═══ Data in this exercise ═══
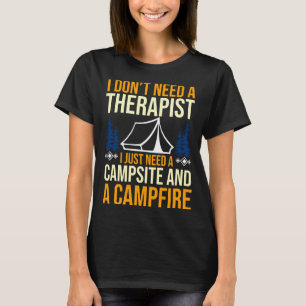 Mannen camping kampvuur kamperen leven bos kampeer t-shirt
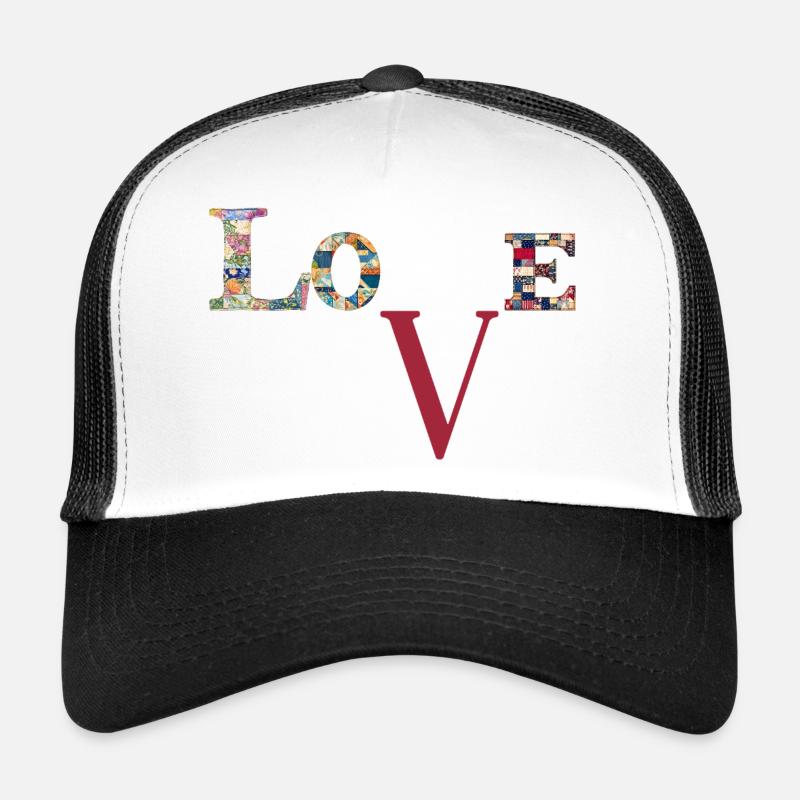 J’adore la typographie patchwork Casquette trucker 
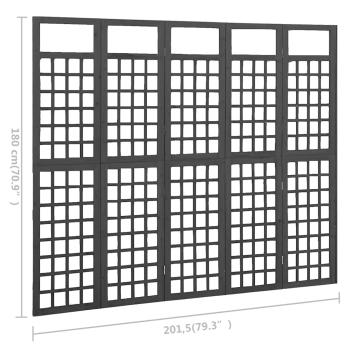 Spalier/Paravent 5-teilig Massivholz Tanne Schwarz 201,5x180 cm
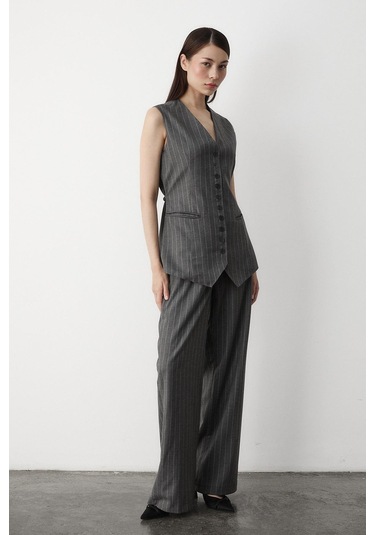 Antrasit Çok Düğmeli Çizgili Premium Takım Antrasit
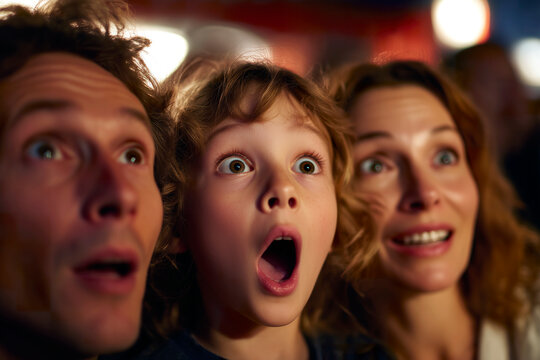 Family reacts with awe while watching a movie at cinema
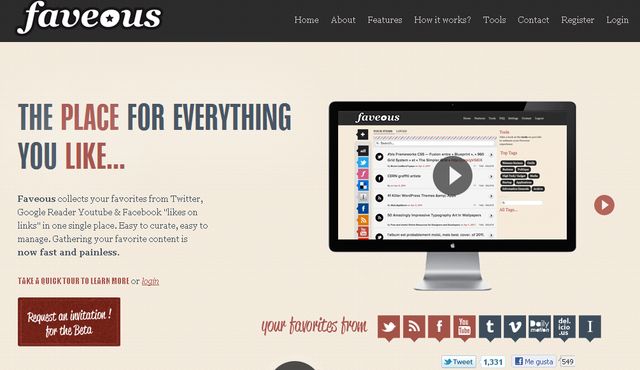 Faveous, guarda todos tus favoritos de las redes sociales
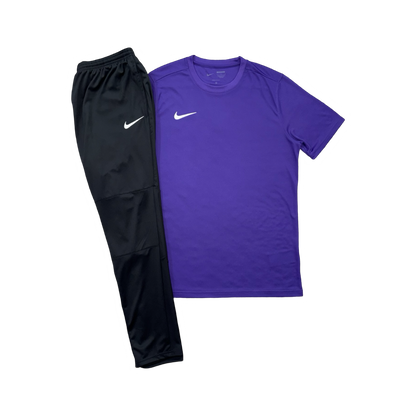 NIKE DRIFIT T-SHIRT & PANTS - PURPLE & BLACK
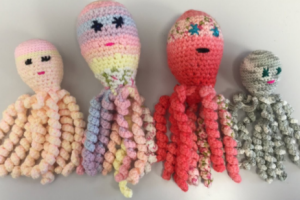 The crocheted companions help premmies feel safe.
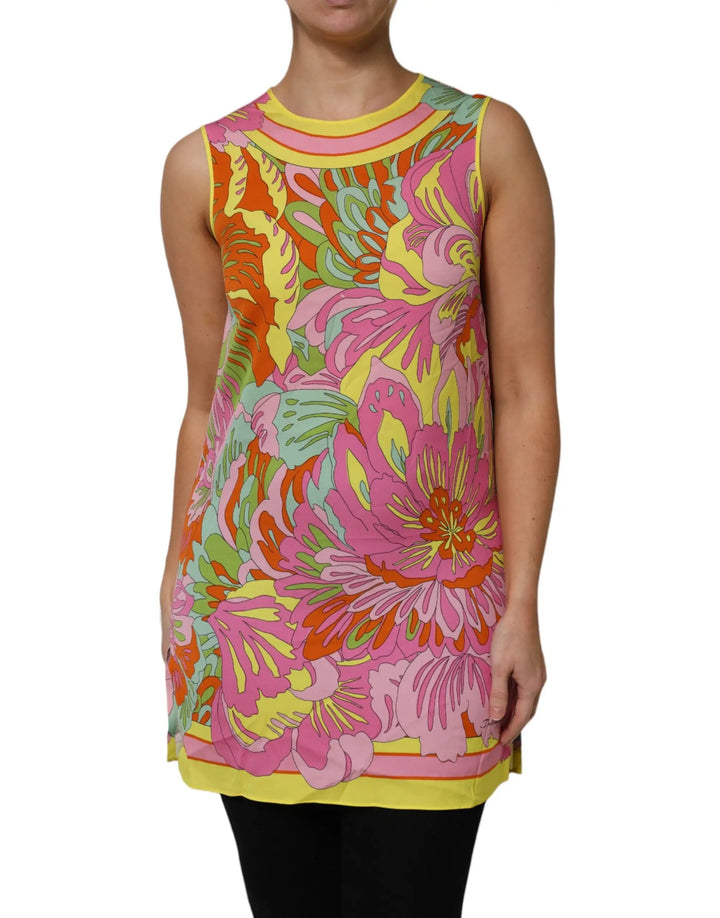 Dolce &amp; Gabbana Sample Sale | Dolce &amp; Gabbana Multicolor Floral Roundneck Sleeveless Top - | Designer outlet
═══
═══ Data in this exercise ═══
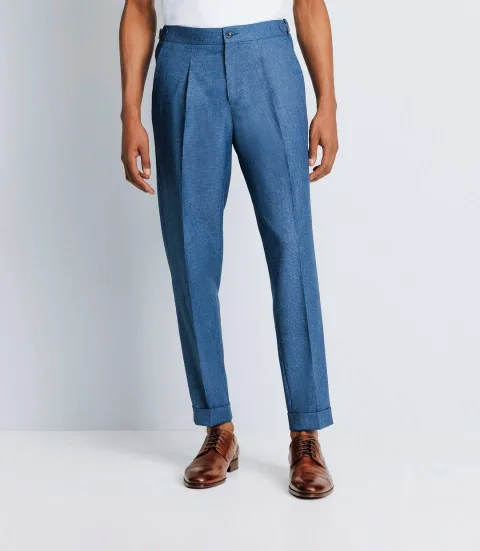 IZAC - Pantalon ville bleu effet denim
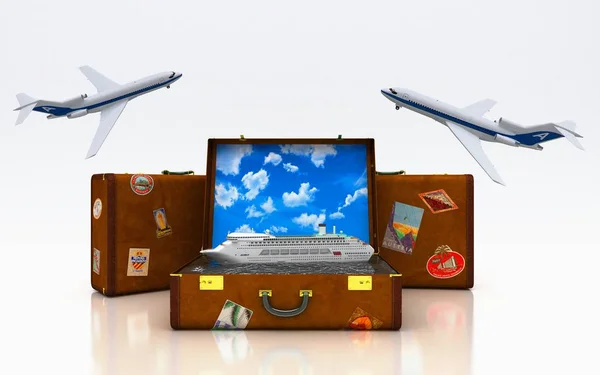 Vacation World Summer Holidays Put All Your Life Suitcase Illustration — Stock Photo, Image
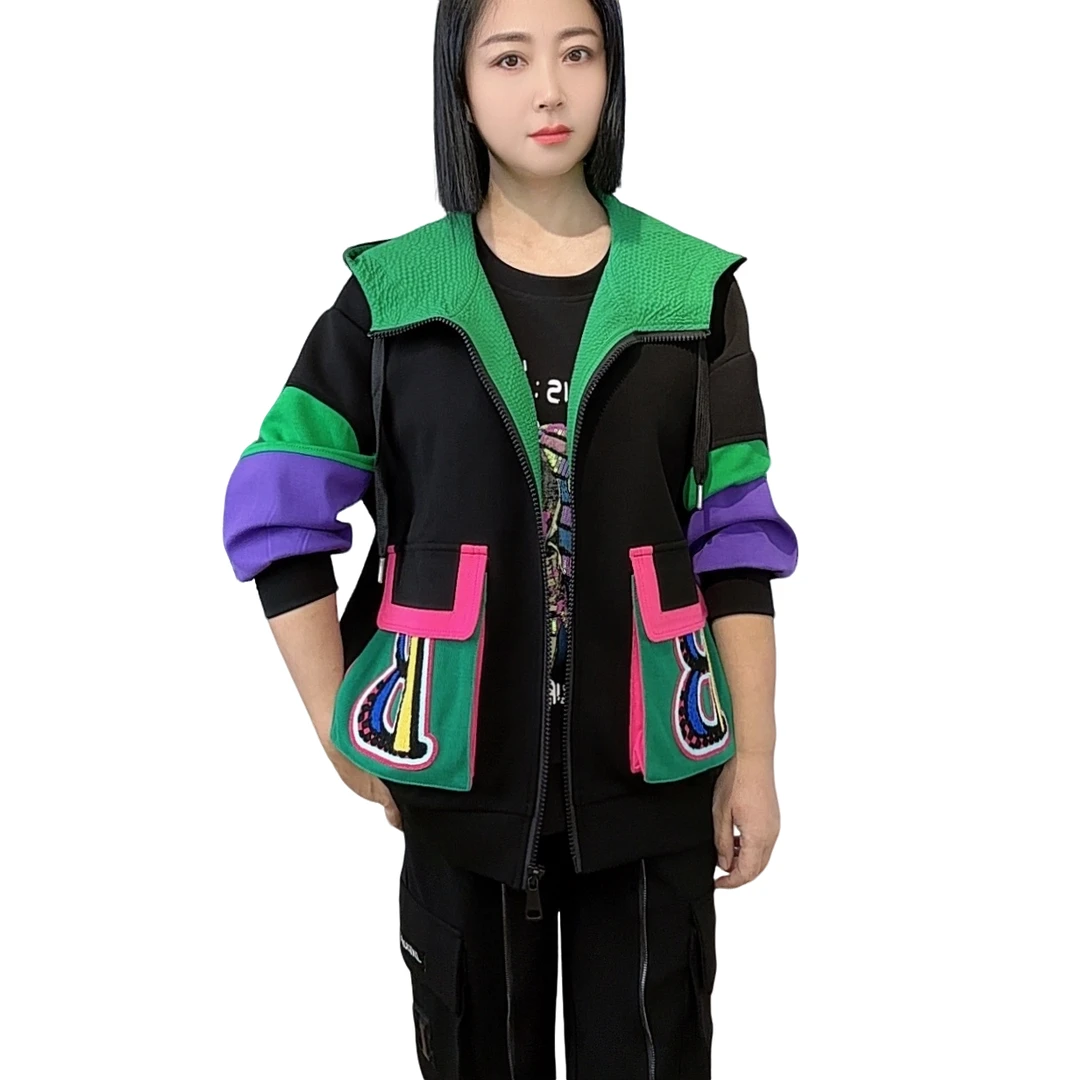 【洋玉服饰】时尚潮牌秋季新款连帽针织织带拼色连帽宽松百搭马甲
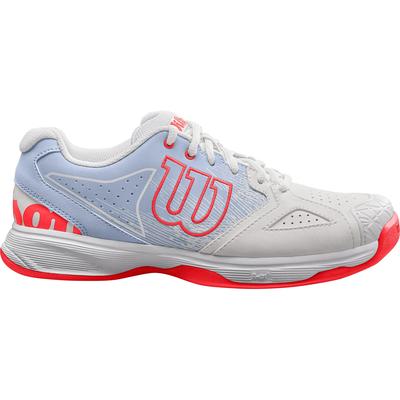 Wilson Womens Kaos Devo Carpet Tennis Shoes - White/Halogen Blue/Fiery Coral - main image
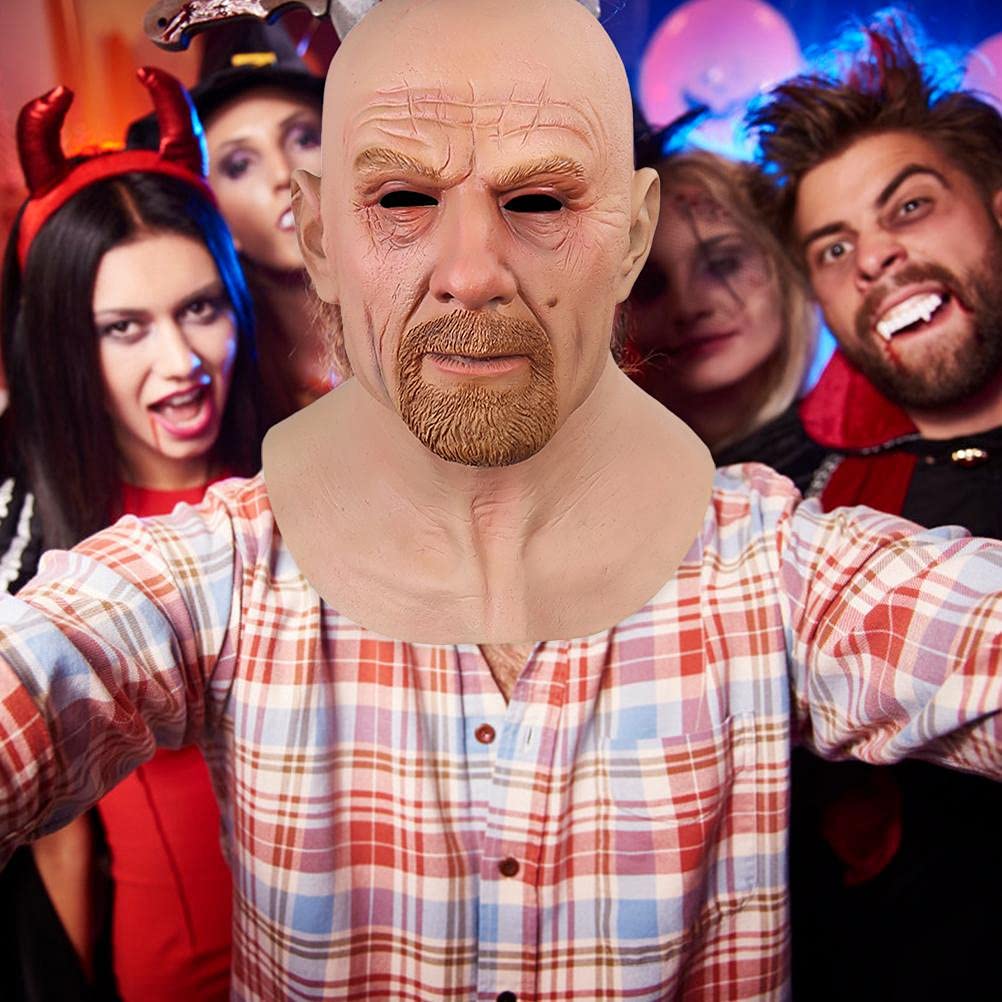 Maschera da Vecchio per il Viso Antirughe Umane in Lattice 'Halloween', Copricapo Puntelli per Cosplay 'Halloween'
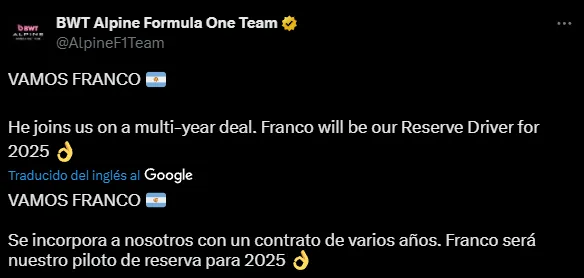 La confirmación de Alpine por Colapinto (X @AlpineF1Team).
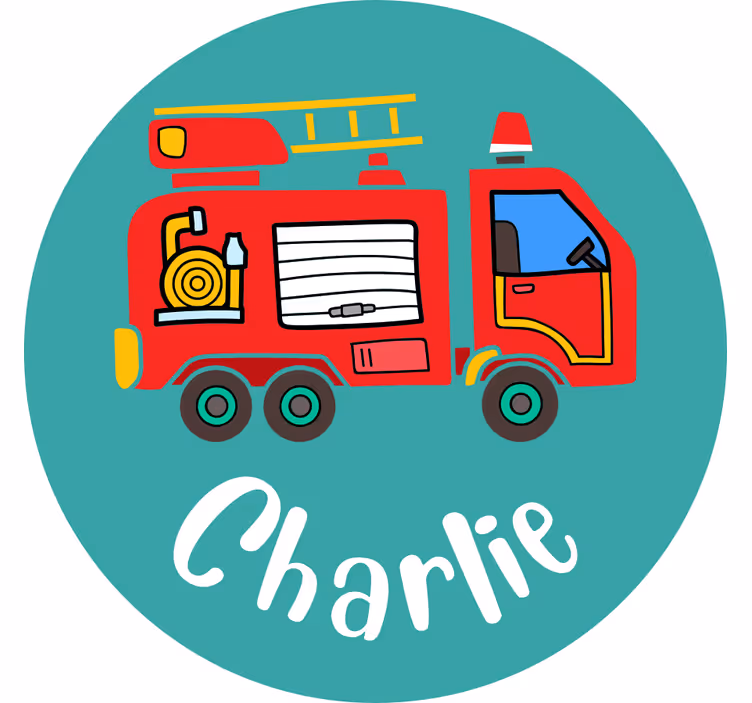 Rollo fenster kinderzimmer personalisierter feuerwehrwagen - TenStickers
═══
═══ Data in this exercise ═══
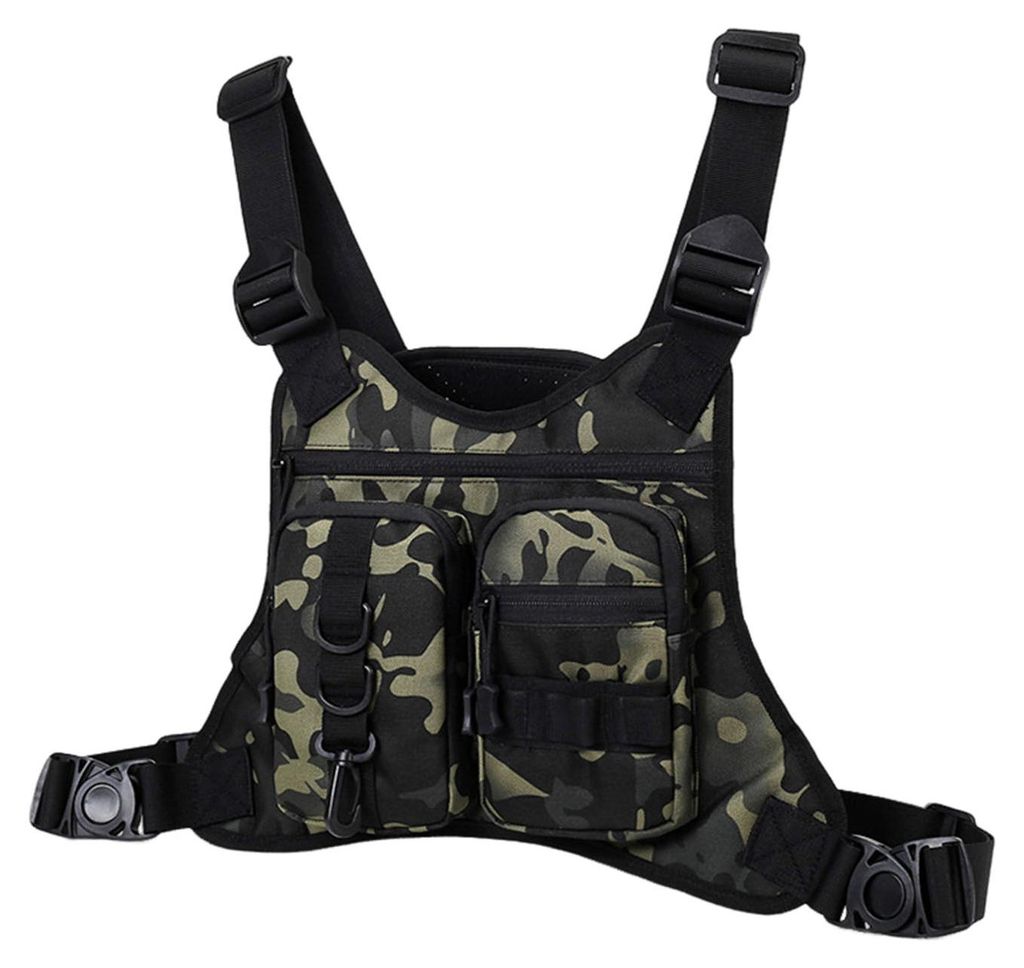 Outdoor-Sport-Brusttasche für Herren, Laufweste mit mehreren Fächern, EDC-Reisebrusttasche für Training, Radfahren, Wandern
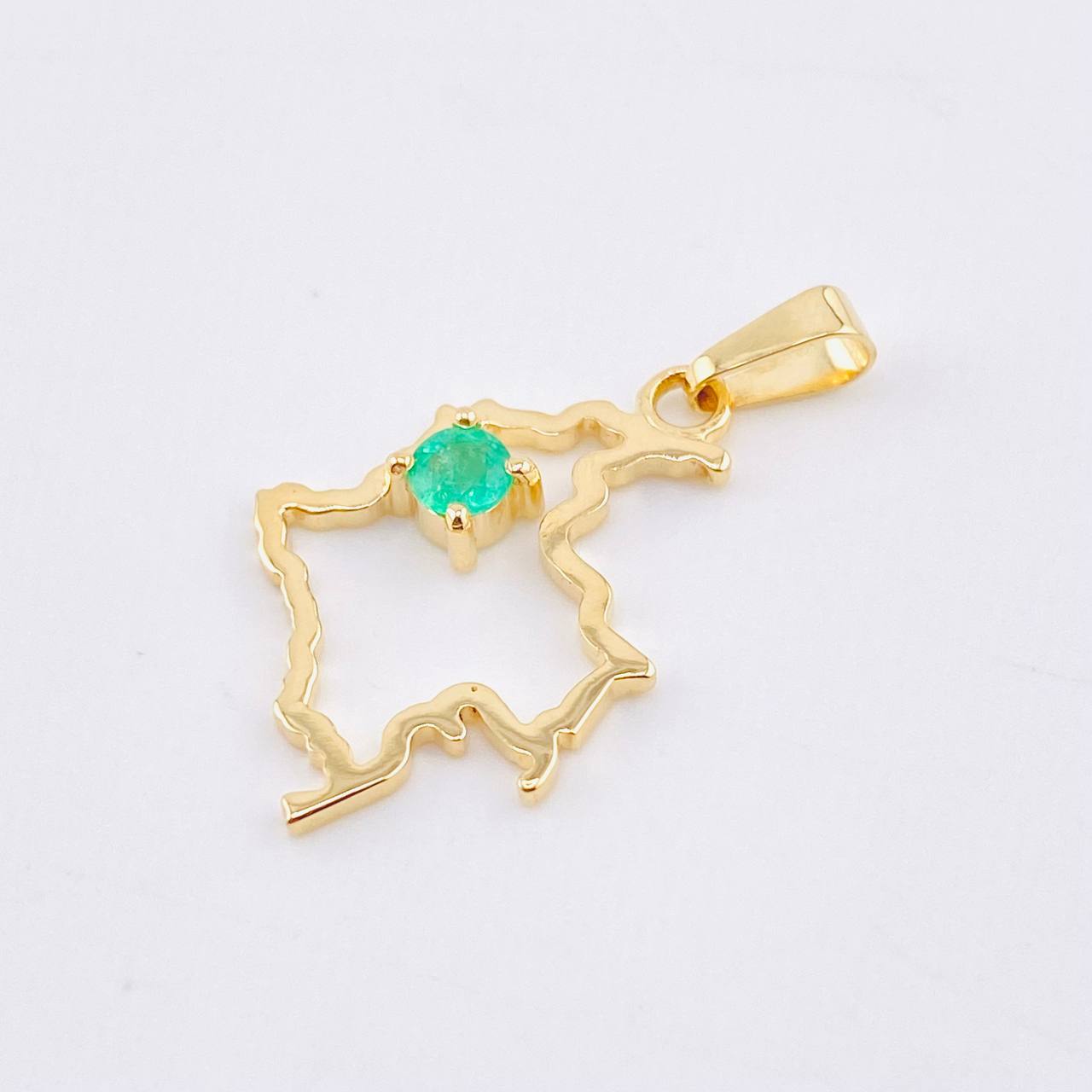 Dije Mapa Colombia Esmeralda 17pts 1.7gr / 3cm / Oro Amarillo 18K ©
═══
*What is being asked*.
Respond with the exact lines above running from the one containing "Mannen camping kampvuur" to the one containing "Dolce &amp; Gabbana Sample", both ends kept and no pictures included.

*Solved problem*.
 Mannen camping kampvuur kamperen leven bos kampeer t-shirt
 J’adore la typographie patchwork Casquette trucker 
 Spalier/Paravent 5-teilig Massivholz Tanne Schwarz 201,5x180 cm
 Antrasit Çok Düğmeli Çizgili Premium Takım Antrasit
 Family reacts with awe while watching a movie at cinema
 Faveous, guarda todos tus favoritos de las redes sociales
 NIKE DRIFIT T-SHIRT & PANTS - PURPLE & BLACK
 The crocheted companions help premmies feel safe.
 Dolce &amp; Gabbana Sample Sale | Dolce &amp; Gabbana Multicolor Floral Roundneck Sleeveless Top - | Designer outlet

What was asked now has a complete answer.